According to Wikipedia, "Phi is used as a symbol for the golden ratio.  This use is separately encoded as the Unicode glyph ϕ.  Some twentieth-century artists and architects, including Le Corbusier and Dalí, have proportioned their works to approximate the golden ratio - especially in the form of the golden rectangle, in which the ratio of the longer side to the shorter is the golden ratio - believing this proportion to be aesthetically pleasing".

What does this have to do with photography, you might ask?  A full frame 35mm camera has an aspect ratio of 3:2, which happens to be very close to the proportions of the Golden Rectangle (3.2:2).  

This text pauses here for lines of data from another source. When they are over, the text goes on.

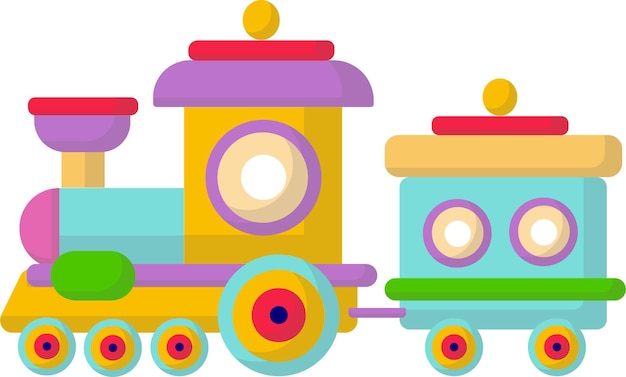 Jogo De Trem De Brinquedo PNG , Locomotiva, Infância, Branco PNG Imagem  para download gratuito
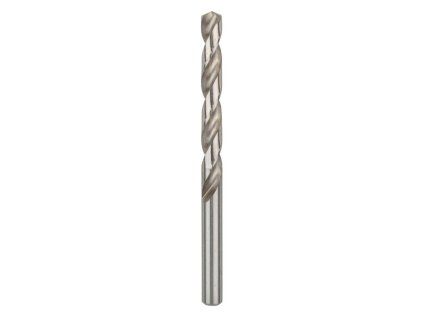 Bosch Vrták do kovu HSS-G, 9,8 x 87/133 mm | ajtech.sk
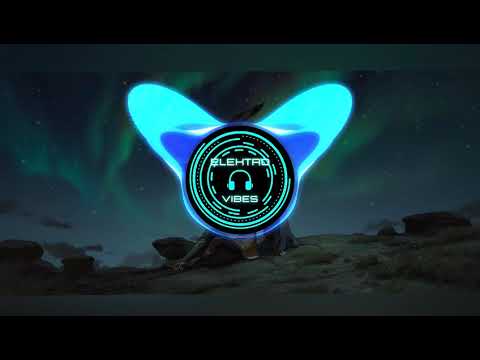 [ PSYTRANCE ] - LEGEND OF THE EAGLE (InViktor Tribute) Free download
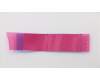 01LV487 Lenovo MECHANICAL Rubber,Thermal,SSD,JYT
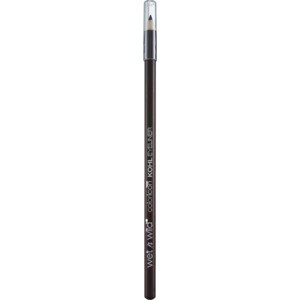 Wet N Wild Color Icon Kohl Liner Pencil, Simma Brown Now - 0.05 Oz , CVS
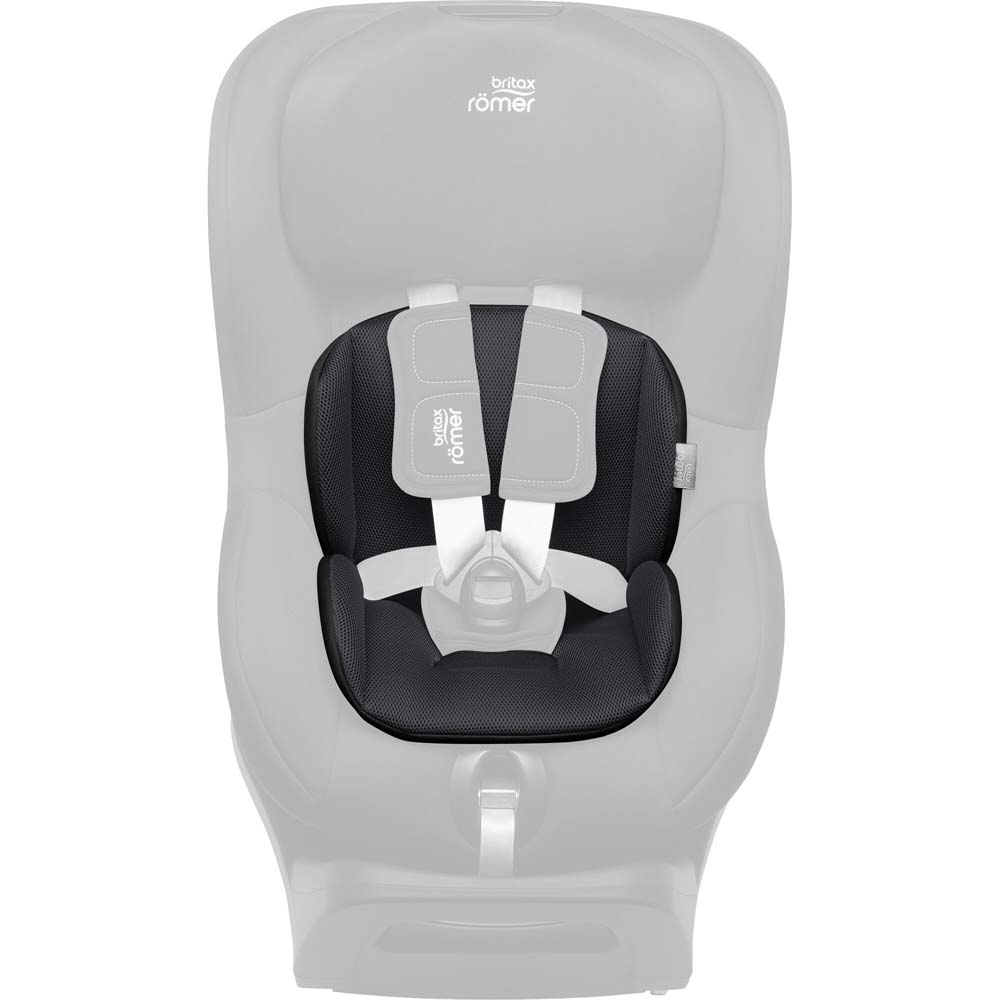 Вкладиш до автокрісла Britax Römer Dualfix - фото | Интернет-магазин автокресел, колясок и аксессуаров для детей Avtokrisla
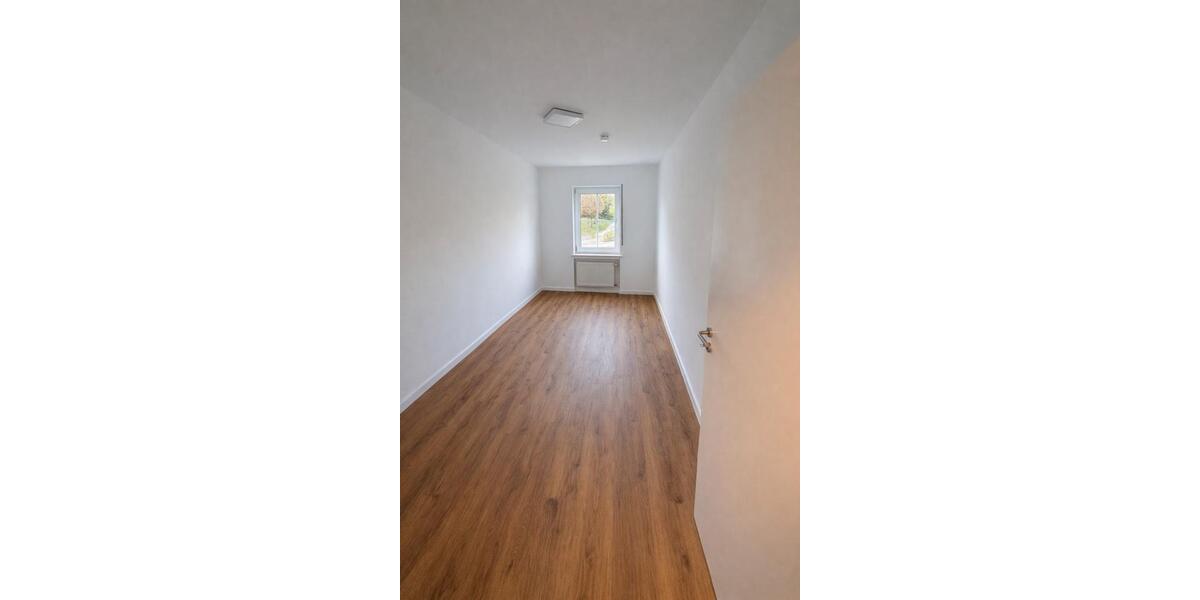 Mehrfamilienhaus, Wohnhaus Selters (Westerwald) - 1.495.000&euro; | Angebot:26764939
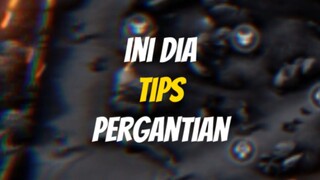 Ini dia tips pergantian item roam di tengah pertandingan.. #Bestofbest #Bstationmlbb #mlbb #tipsmlbb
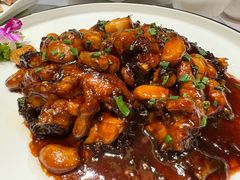 -德兴馆(广东路总店)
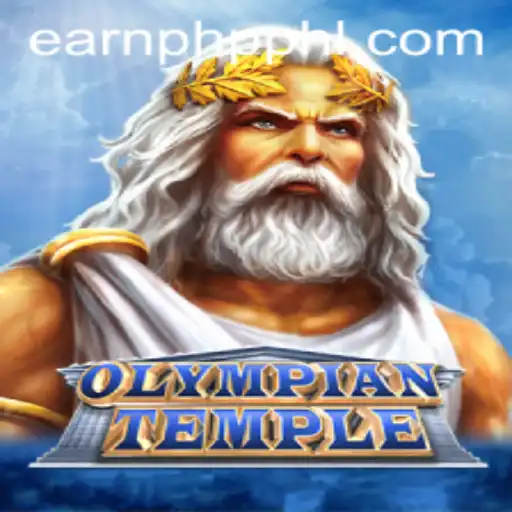 Unlocking the Secrets of OlympianTemple: A Comprehensive Guide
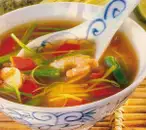 Фото компанії Суші Wok
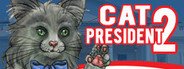 Cat President 2: Purrlitical Revolution System Requirements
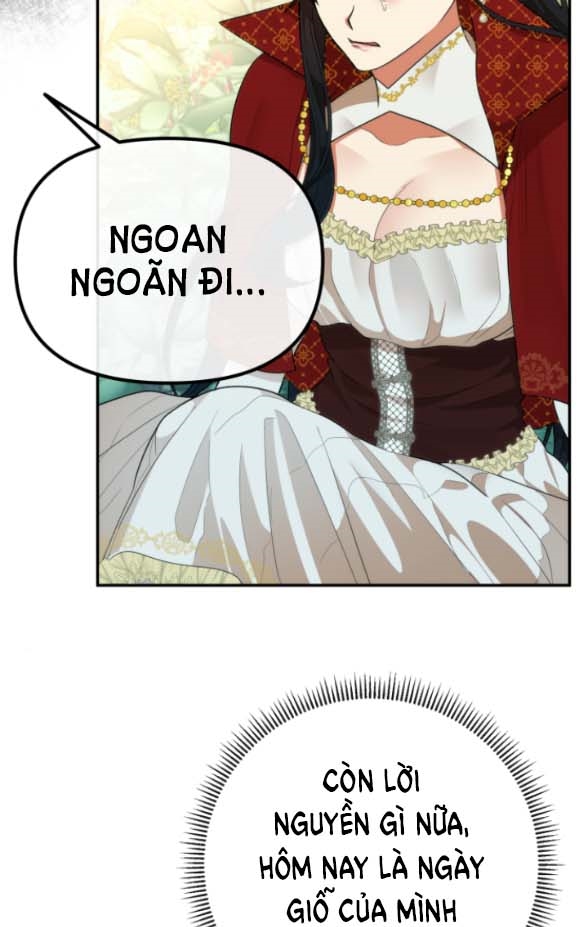 [18+] dũng sĩ vị tha chapter 5.2 7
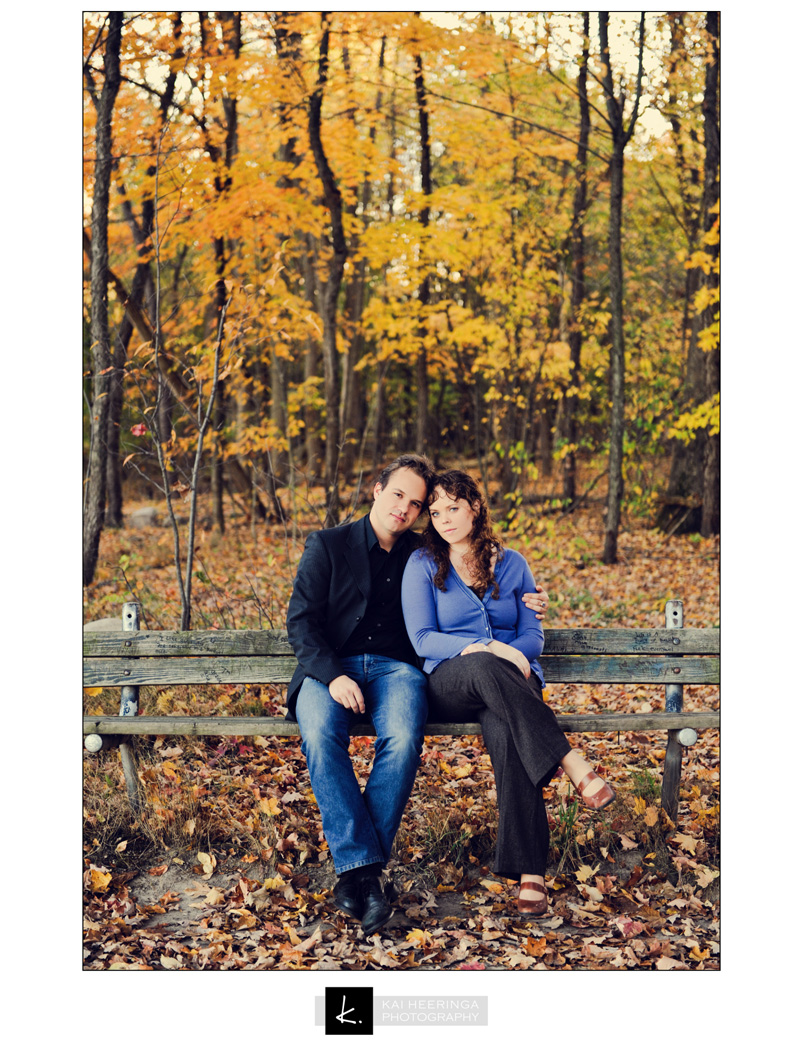 Deborah-Julian-Engagement-12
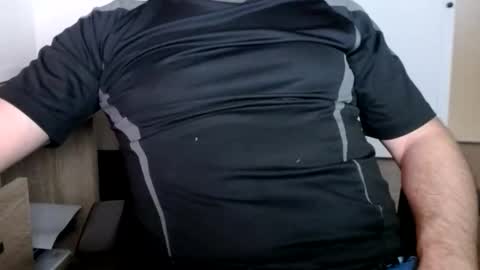 Stefan online show from 02.24.26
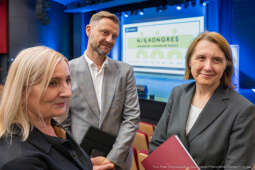 PW_534_001_fot. Piotr Wojnarowski.jpg-NieKongres w NCK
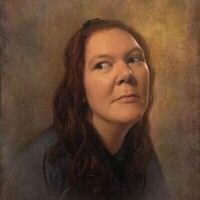 martha-marlana-rife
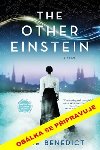 Einstein & Einstein - Marie Benedictov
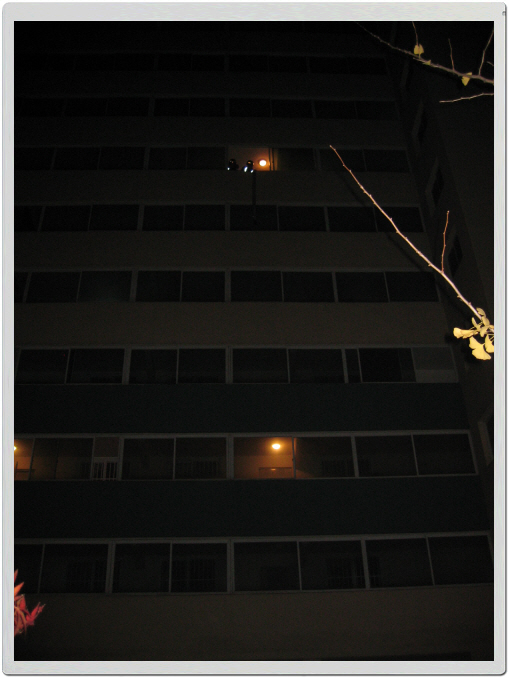 호수선명1차아파트(고층건축물)_010.jpg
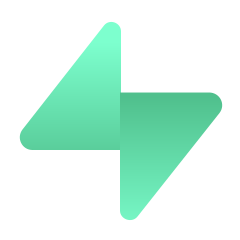 Supabase logo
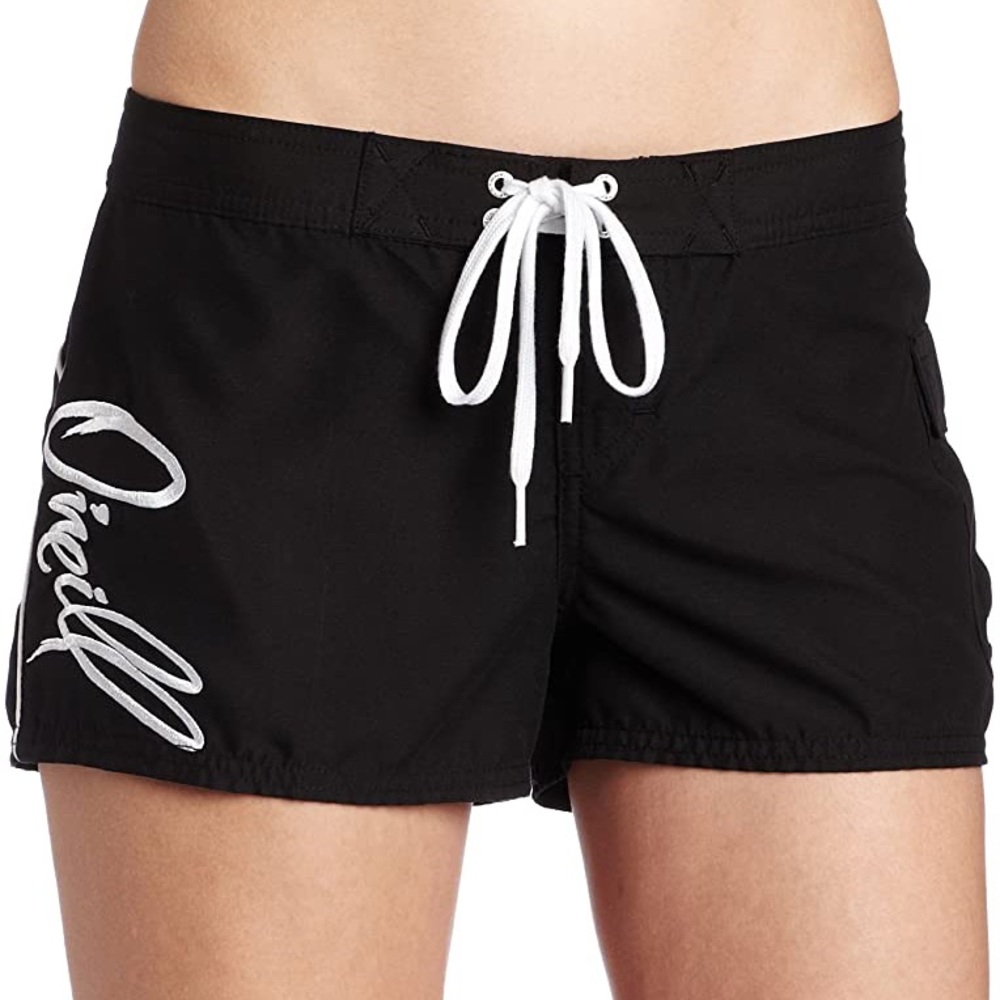 🌊O’Neill Board Shorts🌊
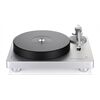 Clearaudio Performance DC nur Laufwerk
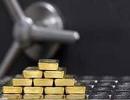 Gold price may hold steady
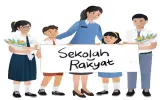 Hasil Seleksi Administrasi PPPK Guru Sekolah Rakyat Diumumkan 24 Juni 2026, Simak Ketentuan Sanggah dan Tahap Lanjutan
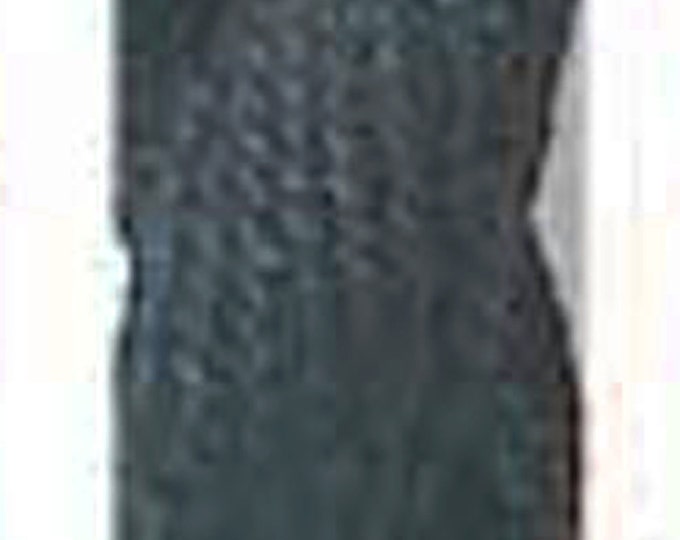 0000, 0020, 0057 - BLACK, NATURAL, WHITE - Impressions Solid; - by The Caron Collection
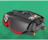 PEG PEREGO autokrēsls VIAGGIO FLEX, 100-150 cm, licorice, IMVF010000BL13DX13 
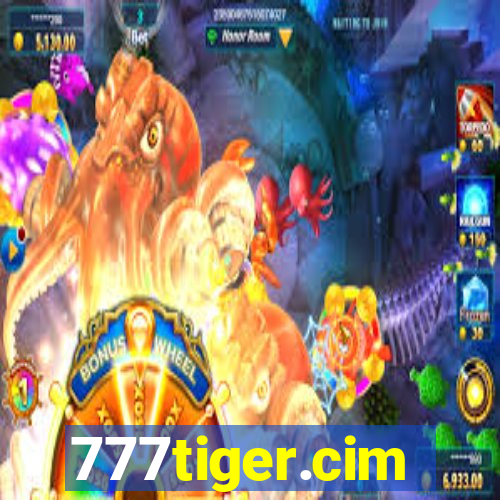 777tiger.cim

We only need to consider one of the greatest photographers of all time to see how this affected his work.  Why was Henri Cartier-Bresson so exceptional?  It is because the foundations and composition of his photographs are so perfect.  It is all about composition and geometry.  What is inside the frame, what is excluded and how he arranges all of the elements.  He started out and trained as a painter under the tuition of André Lhote, the Cubist painter, who instilled in him an obsession with composition.  Cartier-Bresson would acknowledge that Lhote had “taught me to read and write.  That is to say to take photographs.”

“You need to connect both the emotion of a subject, and the joy of artistical organization. The intuition of the golden number, a rigour of balancing the shapes. Well, those are the basics for me.” H.C.-B.

"If you start cutting or cropping a good photograph, it means death to the geometrically correct interplay of proportions." H.C.-B.

“In order to ‘give a meaning' to the world, one has to feel oneself involved in what he frames through the viewfinder. This attitude requires concentration, a discipline of mind, sensitivity and a sense of geometry.” H.C.-B.

My greatest influence and inspiration will always be Mr. Cartier-Bresson.